▶ **The problem**
Reproduce exactly, and only, the lines below from the one containing "BabyOno Baba kólika" through the one containing "Lofter 2 Slicer".

▶ **Exercise input**
# # # # # # #
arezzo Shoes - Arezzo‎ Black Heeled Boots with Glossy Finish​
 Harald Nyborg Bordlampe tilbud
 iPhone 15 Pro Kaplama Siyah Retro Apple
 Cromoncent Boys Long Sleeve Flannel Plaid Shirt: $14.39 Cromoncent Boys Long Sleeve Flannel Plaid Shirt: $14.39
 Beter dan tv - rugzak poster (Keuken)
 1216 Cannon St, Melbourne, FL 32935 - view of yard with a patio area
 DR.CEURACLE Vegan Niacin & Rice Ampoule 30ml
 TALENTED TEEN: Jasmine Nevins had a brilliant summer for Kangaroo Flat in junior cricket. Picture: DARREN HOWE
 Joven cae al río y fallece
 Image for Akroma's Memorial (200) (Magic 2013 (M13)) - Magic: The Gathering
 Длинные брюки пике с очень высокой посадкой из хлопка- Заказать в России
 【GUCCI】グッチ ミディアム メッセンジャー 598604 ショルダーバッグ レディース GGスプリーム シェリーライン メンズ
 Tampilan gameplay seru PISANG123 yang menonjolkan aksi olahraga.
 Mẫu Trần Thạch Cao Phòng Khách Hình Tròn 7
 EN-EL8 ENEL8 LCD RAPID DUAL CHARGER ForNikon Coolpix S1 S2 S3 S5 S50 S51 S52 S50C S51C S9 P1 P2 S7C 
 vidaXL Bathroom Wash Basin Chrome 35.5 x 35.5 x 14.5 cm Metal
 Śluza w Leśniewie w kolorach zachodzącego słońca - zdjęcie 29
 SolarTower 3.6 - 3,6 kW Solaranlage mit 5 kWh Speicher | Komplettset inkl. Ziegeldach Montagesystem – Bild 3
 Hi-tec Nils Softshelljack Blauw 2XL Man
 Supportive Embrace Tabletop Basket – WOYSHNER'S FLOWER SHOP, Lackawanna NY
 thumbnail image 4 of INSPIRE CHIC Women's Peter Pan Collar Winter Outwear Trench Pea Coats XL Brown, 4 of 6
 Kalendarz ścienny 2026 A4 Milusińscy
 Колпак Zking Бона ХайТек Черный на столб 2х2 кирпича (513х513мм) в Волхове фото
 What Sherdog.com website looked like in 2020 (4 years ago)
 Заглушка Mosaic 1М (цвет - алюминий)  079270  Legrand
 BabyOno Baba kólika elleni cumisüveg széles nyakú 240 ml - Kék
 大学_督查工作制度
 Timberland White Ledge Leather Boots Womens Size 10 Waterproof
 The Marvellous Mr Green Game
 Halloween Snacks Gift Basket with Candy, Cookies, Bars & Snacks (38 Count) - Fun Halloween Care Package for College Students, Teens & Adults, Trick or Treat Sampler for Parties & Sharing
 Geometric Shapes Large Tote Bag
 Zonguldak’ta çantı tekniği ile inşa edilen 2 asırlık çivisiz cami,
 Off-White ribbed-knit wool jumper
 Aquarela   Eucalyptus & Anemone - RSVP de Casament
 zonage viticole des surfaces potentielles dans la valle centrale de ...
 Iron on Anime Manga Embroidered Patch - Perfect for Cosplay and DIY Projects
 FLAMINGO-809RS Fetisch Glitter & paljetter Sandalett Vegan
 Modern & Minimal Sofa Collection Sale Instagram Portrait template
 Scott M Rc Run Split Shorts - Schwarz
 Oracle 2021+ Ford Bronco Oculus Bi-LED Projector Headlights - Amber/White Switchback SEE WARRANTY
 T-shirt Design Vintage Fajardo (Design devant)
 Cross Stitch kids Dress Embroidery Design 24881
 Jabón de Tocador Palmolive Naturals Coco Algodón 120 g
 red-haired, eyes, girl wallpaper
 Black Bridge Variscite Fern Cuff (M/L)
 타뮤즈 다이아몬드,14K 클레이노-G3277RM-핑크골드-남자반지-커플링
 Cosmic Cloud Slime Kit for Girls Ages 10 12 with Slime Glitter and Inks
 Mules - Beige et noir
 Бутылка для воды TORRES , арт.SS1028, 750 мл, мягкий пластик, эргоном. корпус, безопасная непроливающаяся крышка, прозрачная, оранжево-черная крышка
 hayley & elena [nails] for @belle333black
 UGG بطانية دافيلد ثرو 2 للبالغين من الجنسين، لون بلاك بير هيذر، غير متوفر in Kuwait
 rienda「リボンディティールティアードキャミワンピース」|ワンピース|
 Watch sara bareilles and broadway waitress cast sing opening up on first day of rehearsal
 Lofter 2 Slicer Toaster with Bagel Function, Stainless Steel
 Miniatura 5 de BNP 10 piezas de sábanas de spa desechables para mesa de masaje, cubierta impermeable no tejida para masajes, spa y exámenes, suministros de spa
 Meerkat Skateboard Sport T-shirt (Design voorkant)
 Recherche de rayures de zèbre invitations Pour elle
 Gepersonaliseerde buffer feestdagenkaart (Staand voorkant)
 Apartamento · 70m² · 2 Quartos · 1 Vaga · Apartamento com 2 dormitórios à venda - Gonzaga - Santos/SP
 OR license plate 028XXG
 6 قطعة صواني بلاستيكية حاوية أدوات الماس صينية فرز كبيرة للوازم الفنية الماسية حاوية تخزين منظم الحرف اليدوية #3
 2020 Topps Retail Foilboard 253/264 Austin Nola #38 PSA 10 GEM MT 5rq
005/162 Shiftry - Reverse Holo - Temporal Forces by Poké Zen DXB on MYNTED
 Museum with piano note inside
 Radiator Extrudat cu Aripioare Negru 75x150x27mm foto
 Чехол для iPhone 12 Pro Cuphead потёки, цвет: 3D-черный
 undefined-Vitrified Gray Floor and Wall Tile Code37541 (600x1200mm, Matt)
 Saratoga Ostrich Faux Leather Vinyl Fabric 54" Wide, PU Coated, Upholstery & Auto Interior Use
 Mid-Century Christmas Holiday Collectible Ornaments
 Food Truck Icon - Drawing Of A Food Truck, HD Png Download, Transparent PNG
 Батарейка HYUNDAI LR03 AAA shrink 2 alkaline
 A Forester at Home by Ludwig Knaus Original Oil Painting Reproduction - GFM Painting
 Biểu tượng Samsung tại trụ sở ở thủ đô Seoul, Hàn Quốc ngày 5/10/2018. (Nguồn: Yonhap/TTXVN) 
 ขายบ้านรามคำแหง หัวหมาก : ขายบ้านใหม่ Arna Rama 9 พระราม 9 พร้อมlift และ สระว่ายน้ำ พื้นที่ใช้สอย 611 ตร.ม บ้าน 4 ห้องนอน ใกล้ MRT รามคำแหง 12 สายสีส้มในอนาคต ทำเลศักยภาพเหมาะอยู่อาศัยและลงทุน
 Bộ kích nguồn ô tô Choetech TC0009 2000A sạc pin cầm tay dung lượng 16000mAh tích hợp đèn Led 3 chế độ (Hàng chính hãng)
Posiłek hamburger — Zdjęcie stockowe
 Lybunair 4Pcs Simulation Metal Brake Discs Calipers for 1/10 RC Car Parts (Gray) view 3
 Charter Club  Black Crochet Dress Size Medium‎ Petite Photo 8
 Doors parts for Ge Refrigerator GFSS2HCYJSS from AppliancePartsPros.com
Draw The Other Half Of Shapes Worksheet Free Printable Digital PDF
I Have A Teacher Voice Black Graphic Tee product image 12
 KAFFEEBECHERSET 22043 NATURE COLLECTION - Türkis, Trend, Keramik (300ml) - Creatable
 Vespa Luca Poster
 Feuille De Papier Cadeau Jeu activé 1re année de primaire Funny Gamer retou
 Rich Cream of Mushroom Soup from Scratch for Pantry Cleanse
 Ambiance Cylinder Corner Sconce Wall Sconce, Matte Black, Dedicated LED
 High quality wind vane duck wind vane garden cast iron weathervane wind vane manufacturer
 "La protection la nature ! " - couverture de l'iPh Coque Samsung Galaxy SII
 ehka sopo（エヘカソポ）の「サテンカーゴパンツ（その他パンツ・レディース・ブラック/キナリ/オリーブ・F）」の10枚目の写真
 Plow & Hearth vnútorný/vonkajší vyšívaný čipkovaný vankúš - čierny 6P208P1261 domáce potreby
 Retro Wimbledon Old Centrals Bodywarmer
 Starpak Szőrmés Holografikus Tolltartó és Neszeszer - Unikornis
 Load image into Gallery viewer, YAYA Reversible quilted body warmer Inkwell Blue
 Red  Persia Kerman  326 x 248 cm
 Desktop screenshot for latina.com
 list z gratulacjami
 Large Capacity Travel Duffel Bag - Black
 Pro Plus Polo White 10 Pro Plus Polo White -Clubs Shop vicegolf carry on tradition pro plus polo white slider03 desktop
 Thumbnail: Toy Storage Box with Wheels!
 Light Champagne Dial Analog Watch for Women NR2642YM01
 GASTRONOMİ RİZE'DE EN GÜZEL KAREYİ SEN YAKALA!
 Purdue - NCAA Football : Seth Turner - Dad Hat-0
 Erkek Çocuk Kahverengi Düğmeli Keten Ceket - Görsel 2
# # # # # # #
▶ **Completed task**
 BabyOno Baba kólika elleni cumisüveg széles nyakú 240 ml - Kék
 大学_督查工作制度
 Timberland White Ledge Leather Boots Womens Size 10 Waterproof
 The Marvellous Mr Green Game
 Halloween Snacks Gift Basket with Candy, Cookies, Bars & Snacks (38 Count) - Fun Halloween Care Package for College Students, Teens & Adults, Trick or Treat Sampler for Parties & Sharing
 Geometric Shapes Large Tote Bag
 Zonguldak’ta çantı tekniği ile inşa edilen 2 asırlık çivisiz cami,
 Off-White ribbed-knit wool jumper
 Aquarela   Eucalyptus & Anemone - RSVP de Casament
 zonage viticole des surfaces potentielles dans la valle centrale de ...
 Iron on Anime Manga Embroidered Patch - Perfect for Cosplay and DIY Projects
 FLAMINGO-809RS Fetisch Glitter & paljetter Sandalett Vegan
 Modern & Minimal Sofa Collection Sale Instagram Portrait template
 Scott M Rc Run Split Shorts - Schwarz
 Oracle 2021+ Ford Bronco Oculus Bi-LED Projector Headlights - Amber/White Switchback SEE WARRANTY
 T-shirt Design Vintage Fajardo (Design devant)
 Cross Stitch kids Dress Embroidery Design 24881
 Jabón de Tocador Palmolive Naturals Coco Algodón 120 g
 red-haired, eyes, girl wallpaper
 Black Bridge Variscite Fern Cuff (M/L)
 타뮤즈 다이아몬드,14K 클레이노-G3277RM-핑크골드-남자반지-커플링
 Cosmic Cloud Slime Kit for Girls Ages 10 12 with Slime Glitter and Inks
 Mules - Beige et noir
 Бутылка для воды TORRES , арт.SS1028, 750 мл, мягкий пластик, эргоном. корпус, безопасная непроливающаяся крышка, прозрачная, оранжево-черная крышка
 hayley & elena [nails] for @belle333black
 UGG بطانية دافيلد ثرو 2 للبالغين من الجنسين، لون بلاك بير هيذر، غير متوفر in Kuwait
 rienda「リボンディティールティアードキャミワンピース」|ワンピース|
 Watch sara bareilles and broadway waitress cast sing opening up on first day of rehearsal
 Lofter 2 Slicer Toaster with Bagel Function, Stainless Steel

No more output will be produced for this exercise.